Sometimes it does, and you get "The Empty House." Sometimes it misfires and you get "Wisteria Lodge." Even the Merlin of this metaphor didn't hit every mark. And the ritual goes on.

Saturday, August 21, 2021

Memorandums of Sherlock Holmes

 "Holmes noted it down and sat, still smiling with the open memorandum-book upon his knee."

-- "The Illustrious Client"

It really sounds like something important, this memorandum thing, but less so when one calls it by the modern short-form, the "memo." It's even less fancy seeming when one looks up the definition: a note or message used in business or diplomatic settings.
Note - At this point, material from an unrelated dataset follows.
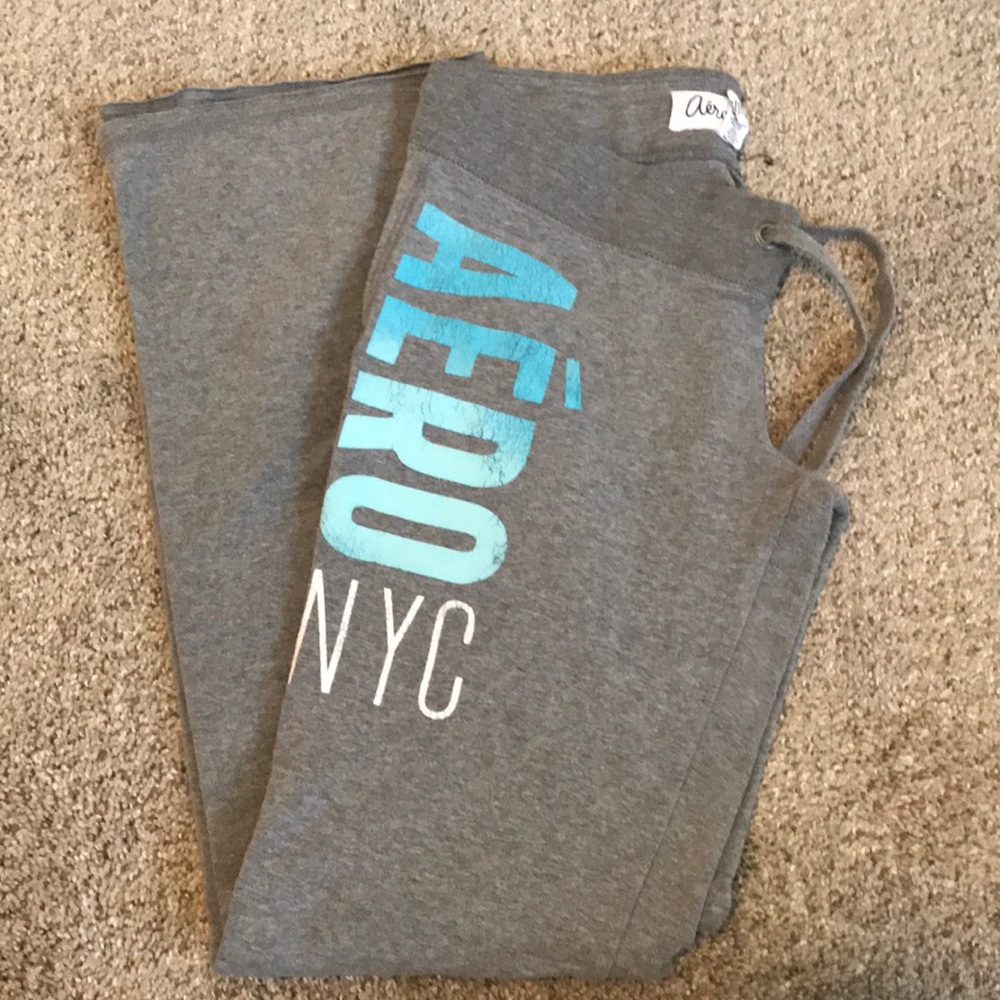Aero Sweat Pants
So Sherlock Holmes has his business notebook on his knee. And every bit of glamour goes right out of the consulting detective business.
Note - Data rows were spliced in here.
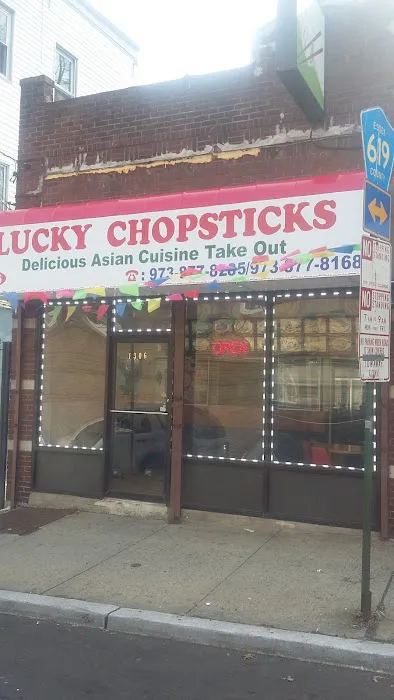 CG'S Kenkey - Jollof Picture 1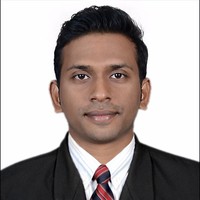 ANAND BOSE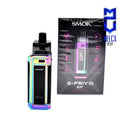 Smok G-PRIV Pod Kit - Prism Rainbow - Starter Kits
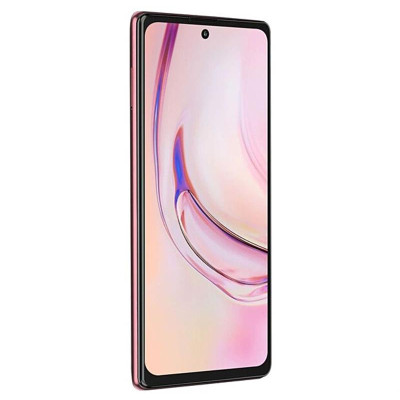 Смартфон Blackview A100 6/128GB Dual Sim Pink EU_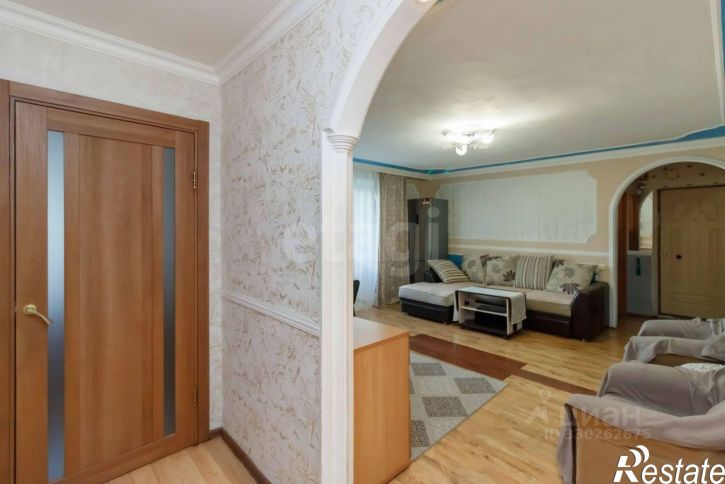 3-комн квартира Широтная улица, 103,  д. 103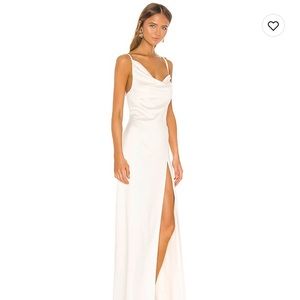 Camila Coelho Maxi Dress from Revolve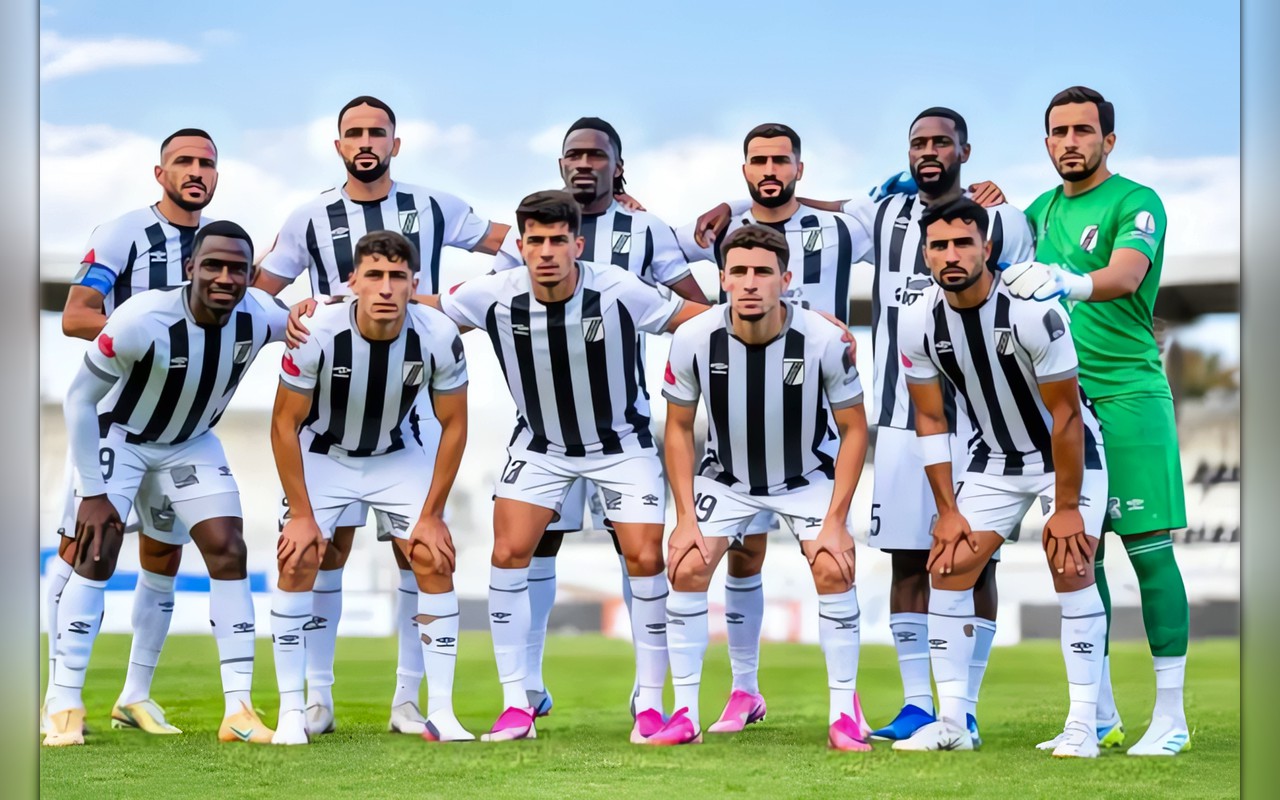 «الكونفدرالية الأفريقية»: الصفاقسي وأهلي طرابلس يتأهلان لدور المجموعات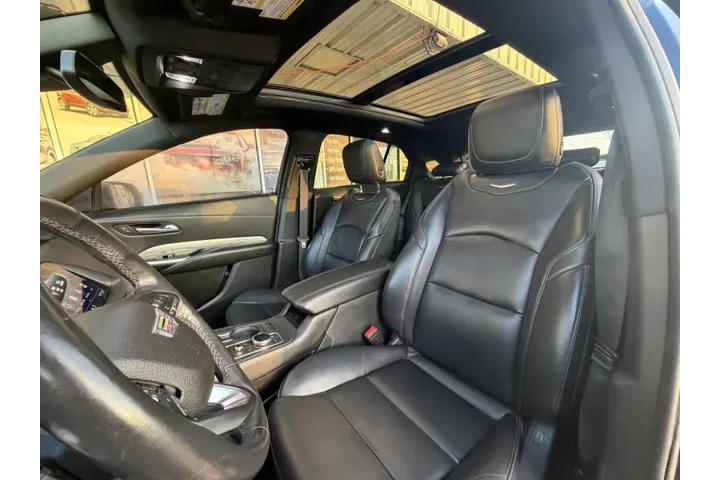 $21999 : 2020 XT4 Premium Luxury image 10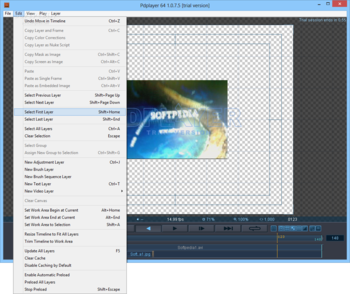 Pdplayer screenshot 4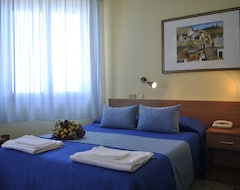 Hotel Faro (Capo d´Orlando, Italia)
Because the business just became more business-like. Can you imagine if one of the collections had been titled "The Business of Sherlock Holmes?" Whew.

Who else uses these business memos in the Canon?
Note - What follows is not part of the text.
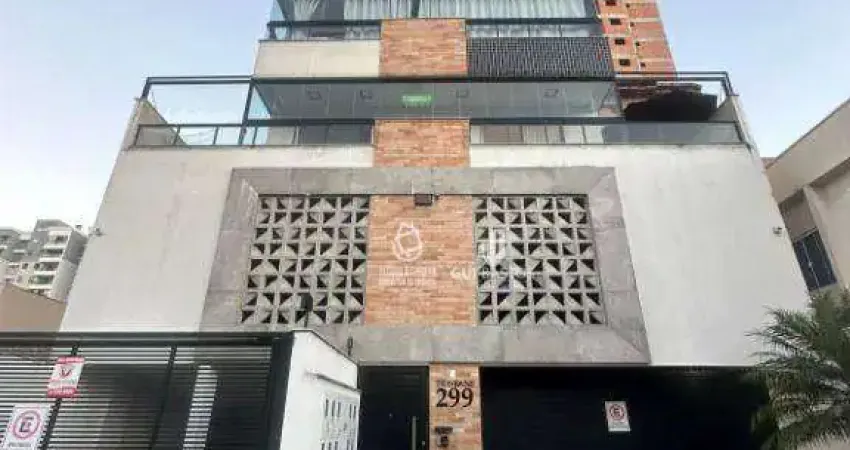 Apartamento com 2 quartos à venda na Rua João Gaya, 299, Vila Operária, Itajaí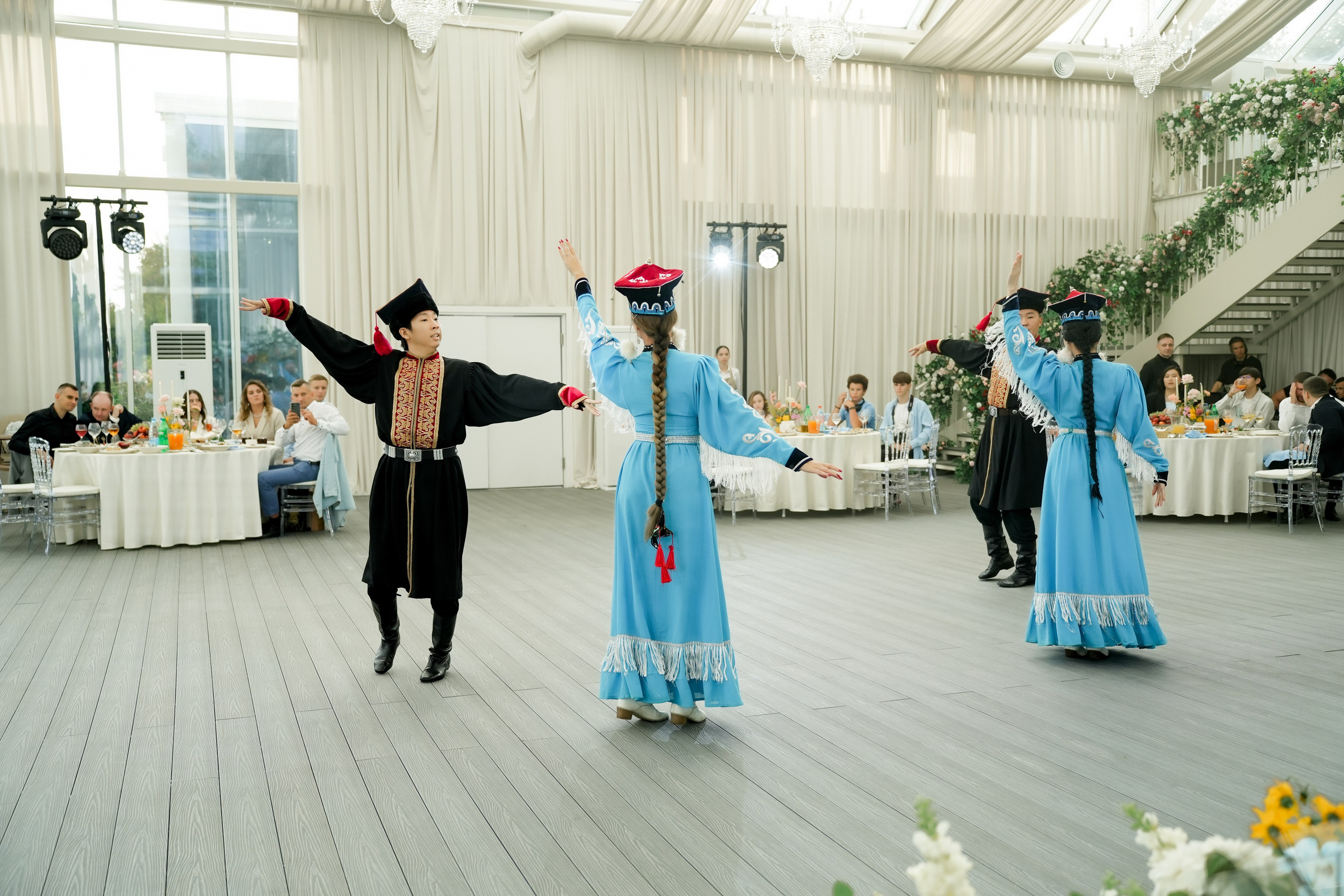 Полный свадебный день. Фотограф Элина Задорожная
Well, Jonathan Small thinks Pappy Sholto might have written treasure memos, but no. Belgrade sends them to England so they can sit in Trelawney Hope's dispatch box. And Professor Moriarty carries one around with him . . . which makes it odd that Sherlock Holmes has never been seen with a memorandum book until after he sees that Professor Moriarty carries one.

But is it Holmes taking cues from his arch-nemesis, or is it just that, by 1902 and the memorandum-book, the "agency" he refers to in "Sussex Vampire" is an actual business grown beyond his one-man-plus-Watson-sometimes show? Or a worse theory -- was his memory starting to go by 1902, en route to the condition portrayed in the movie Mr. Holmes? (Though if things were already going downhill in 1902, I doubt brother Mycroft would have sent him to spy in American a decade later.)

My worst take on that memorandum-book is that it's the one clue that Moriarty was actually the one that survived Reichenbach and took Holmes's place, and "Empty House" was really a twisted take on Moran killing Watson then taking his place at the side of the new "Sherlock Holmes" as the new "Dr. Watson."

Surely they couldn't have gotten away with that, could they?

And here I thought memos and memo books were just dull, dull, dull. You never know what's around the corner with Sherlock Holmes.

Tuesday, August 17, 2021

Trial and Boscombe

 In The Adventures of Sherlock Holmes, the stories that define Sherlock Holmes as a serial entertainment, there's a mystery with a capital "M." In that series of twelve stories, six are actual adventures, according to their titles, a format that would skip Memoirs entirely and return in Return. And one capital "M" mystery according to its title, "The Boscombe Valley Mystery."

And it's a murder mystery. The only real murder mystery in the first twelve stories.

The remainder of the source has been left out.